Many of the Gentiles St. Paul addressed where semi-proselytes, i.e., Gentiles who admired Judaism and associated themselves with the local synagogue, but had not converted. They may have been reluctant to be circumcised, to accept the burden of keeping all the commandments, or to deal with the impact of their conversion on their families and on their place in Roman society. Long before St. Paul arrived on the scene, such semi-proselytes had believed that to participate in Israel's covenant with G-d, they had to keep the commandments, i.e., they had to convert and become Jews. St. Paul explains to them that "now that faith has come," i.e., now that G-d has sent his Son to be crucified, it is possible, through Christian faith, to participate in the covenant of Israel without converting and keeping the commandments. Christian faith relieved the semi-proselyte of the obligation to keep the Law. The grace which perfected the commandments, and would render Jewish observance all the more profound and effective - that same grace made it unnecessary for the semi-proselyte to keep them. That is why St. Paul, apostle to the Gentiles, taught that the New Law that perfected the commandments also set them aside. The grace that would make the commandments of the Old Law even more meaningful for the Jew, allowed the semi-proselyte to forget about them, for he could now participate in the Covenant of Israel without them. Paul used the same argument to combat the influence of the Judaizers and oppose their demands that Gentiles should keep the Law of Moses. When we consider St. Paul 's teachings in the context of his mission to the Gentiles, we get a new perspective on his critique of the Law.
Galatians: The Jew and the Greek in the Church
Galatians 3
[24] So that the law was our custodian until Christ came, that we might be justified by faith.
[25] But now that faith has come, we are no longer under a custodian;
[26] for in Christ Jesus you are all sons of God, through faith.
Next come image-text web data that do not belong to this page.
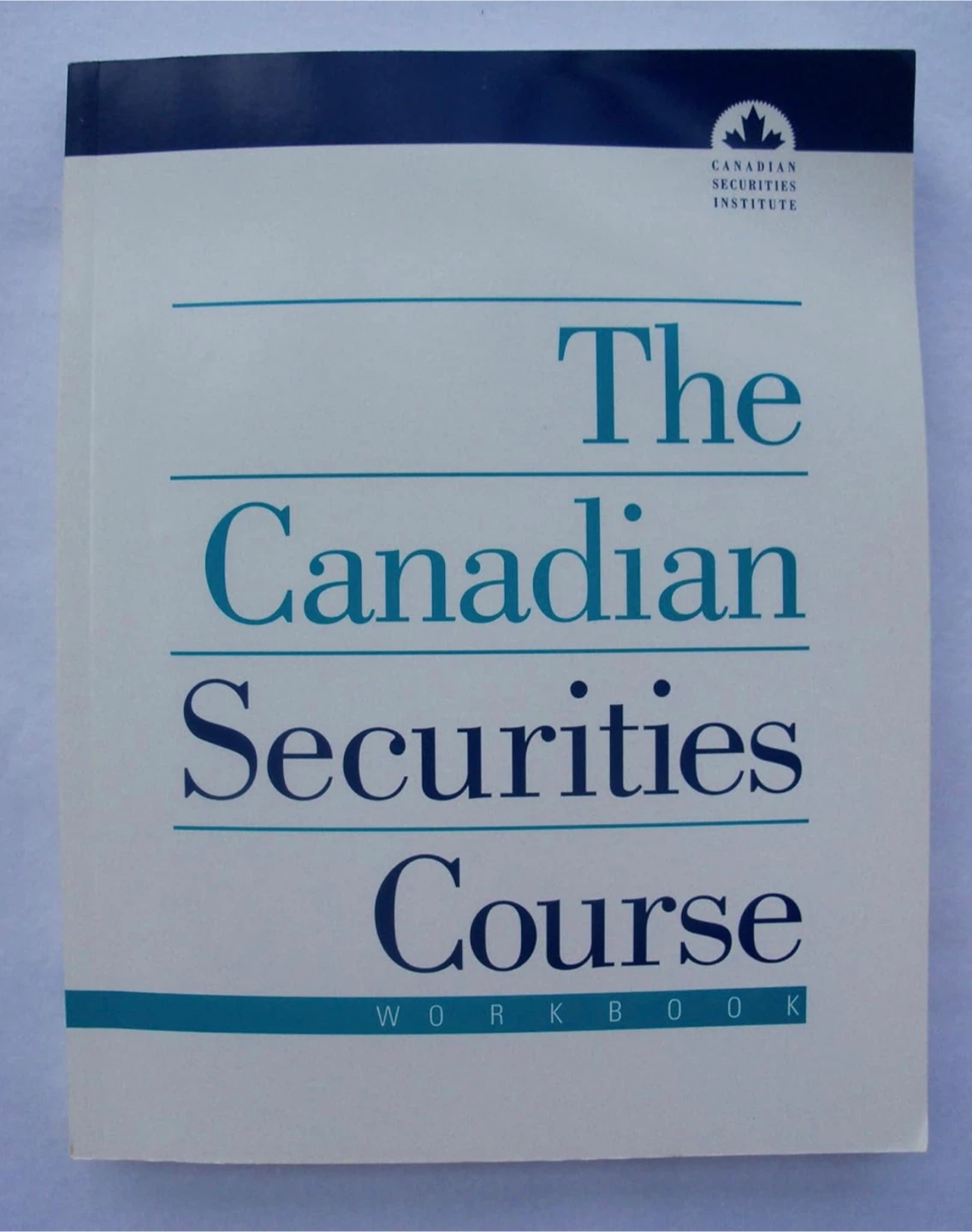 Canadian Securities Course Workbook - photo 2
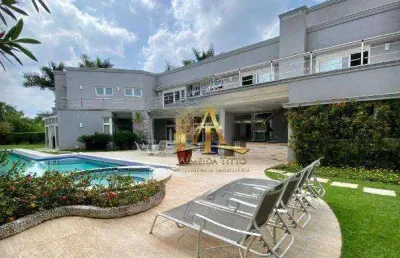 Casa com 4 suítes à venda,  com1280 m² de área construída - residencial três (tamboré) - santana de parnaíba- são paulo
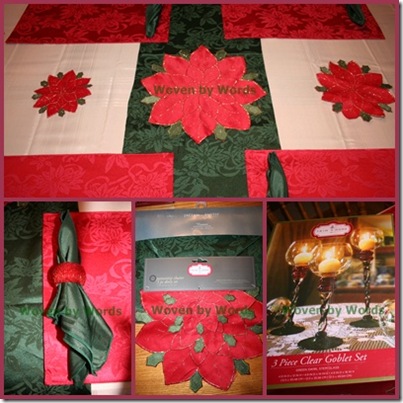 Poinsettia Napkin Ring Set Poinsettia Napkin Ring Set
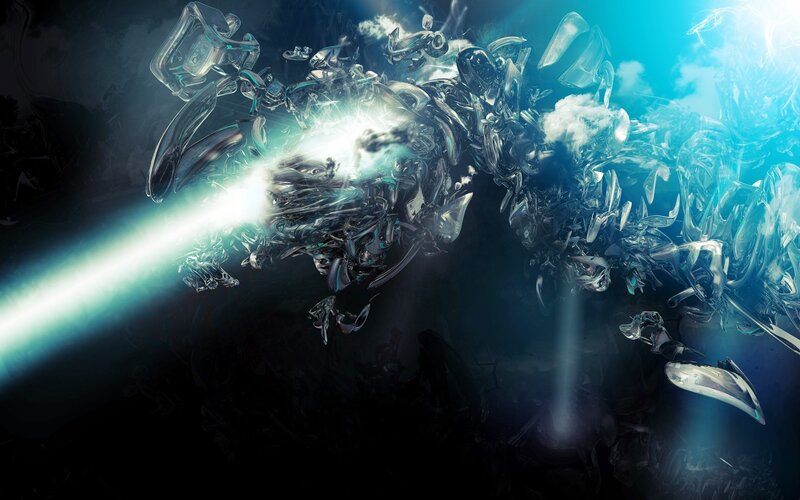 abstract digital explosion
[27] For as many of you as were baptized into Christ have put on Christ.
[28] There is neither Jew nor Greek, there is neither slave nor free, there is neither male nor female; for you are all one in Christ Jesus.
The Christian Jew is no longer under the custodian. He does not experience the Law as external, as a burdensome regulation he is required to observe, because the Holy Spirit reveals the divine and human truth of the commandments and provides a "power for salvation" which enables the Jew to fulfill the commandments joyfully, with interior devotion to the truth they reveal (CCC 1968). Of course, the Greek doesn't have to keep the Law, and in that respect, the Jew and the Greek are different, but that difference, like the difference between male and female, is of no account in the Church, because both are saved by faith in Christ, both are sons who have received the Holy Spirit.
Galatians 4
[6] And because you are sons, God has sent the Spirit of his Son into our hearts, crying, "Abba! Father!"
[7] So through God you are no longer a slave but a son, and if a son then an heir.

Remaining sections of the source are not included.